Отсюда берет начало мучительная для христианской моральной мысли проблема пола. Спектр ее решения простирается от принципиально аскетических версий сексуальной жизни до вполне позитивно оценивающих человеческую эротику (заметим, что популярное противопоставление христианской любви-благоговения "агапе" животному античному "эросу" лишено оснований, поскольку термином "эрос" в патристической литературе выражается также и высший вид любви - любви человека к Богу, в частности, в "Ареопагитиках"; в соответствующих контекстах его использует и Максим Исповедник). Православная традиция в целом не видит в сексуальной страсти и половом размножении необходимости человеческой природы, считая их лишь наследием греха, но признает их эмпирическую необходимость и оправданность.

Августин осуждает плотский способ продолжения потомства, связанный с похотью пола, обосновывая свое мнение тем, что, в отличие от других аффектов, в половой страсти движения половых органов побуждаются одной страстью без участия "сочувствующей ей воли", т.е. сексуальность есть проявление абсолютной суверенности страстей, предосудительных вдвойне, поскольку они не признают не только руководства разума (что с трудом удается также и подвижникам), но даже согласия превратной воли (De civ. Dei XIV 19). Совсем иной взгляд представляет Фома Аквинский - для него плотское общение, умеряемое разумными началами, само по себе нисколько не осуждается. В его оправдании он заходит настолько далеко, что считает сексуальные удовольствия, получаемые в целомудренном браке, более сильными, нежели похоть прелюбодейства. В состоянии первоначальной невинности они должны были быть более интенсивными, нежели после грехопадения: "Чувственное наслаждение было бы большим в той мере, в какой и природа была бы чище, и тело более чувствительно" (Sum. theol. I 98, 2).

Сама по себе индивидуальность каждой отдельной человеческой особи также не представляет в этом смысле интереса, тем более что индивидуальные качества единичного субъекта рассматриваются здесь как заданные не сущностным, но привходящим образом. Началом индивидуации (principium individuationis) оказывается материя - эта идея берет начало у Платона и Аристотеля и получает свое завершение в неоплатонизме. В целом она была воспринята христианской антропологией, за исключением доктрины Дунса Скота.
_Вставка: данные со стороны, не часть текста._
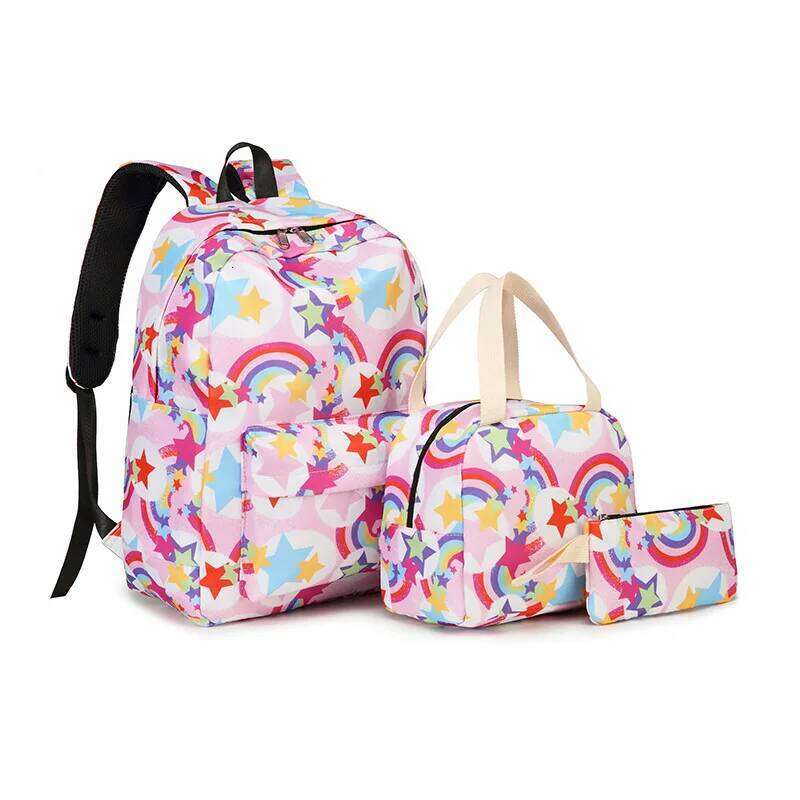 3Pcs Set Rainbow Printing Bags Backpacks Schoolbag Fashion Kids Lovely Backpack For Children Girls School Bag Student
Отсутствие внимания к телесной индивидуальности становится определяющим в антропологических доктринах патристики, не говоря уже о таких крайних выражениях спиритуализма, как концепции Оригена на Востоке и Эриугены на Западе. (Только в поздней схоластике у Дунса Скота и Вильяма Оккама можно обнаружить пробужде-

ние интереса к ней). Такой взгляд вступает в серьезное противоречие с персоналистской идеей христианства. В свою очередь, представитель западной церковной традиции Августин, хотя и настаивает на сущностной индивидуации каждой отдельной человеческой природы (Бог творит пол изначально и навсегда), тем не менее тоже мало что оставляет от индивидуального человеческого тела для жизни будущей, мыслимой как предельно совершенное состояние человека (тело там не будет иметь никаких недостатков, телесные дефекты, искажающие нормальный образ тела, будут восполнены, все люди будут иметь тридцатитрехлетний возраст, смогут принимать пищу, сохранится половое разделение, но не будет ни чувственного вожделения, ни полового размножения, т.е. установится некая усредненная модель человека; при этом тело не станет духом, хотя и будет духовным. В целом можно сказать, что персонализм христианства прилагается прежде всего к духу, но не к телу - его выразительные черты во многом нивелируются. Подобная установка, по сути вовсе не враждебная телесной природе человека, тем не менее создает благоприятные предпосылки для христианского аскетизма.

В отличие от официальной христианской морали низовая культура, пронизанная языческой энергией, наоборот, утрирует телесные функции, подчеркивает индивидуальность, абсолютизирует животные черты в человеке, даже дефекты и уродства, свидетельствующие об избыточной соматической стихии, нарушающей все эстетические нормы ("гротескное тело", в котором нормативными становятся впадины и выпуклости, противоречащие традиционной идеальной "округлости" идеи). Тело утверждается как аксиологически приоритетное, а жизненная сила в ее телесных отправлениях выступает символом высших начал. В таксономии человеческого образа торжествует не верх, а низ.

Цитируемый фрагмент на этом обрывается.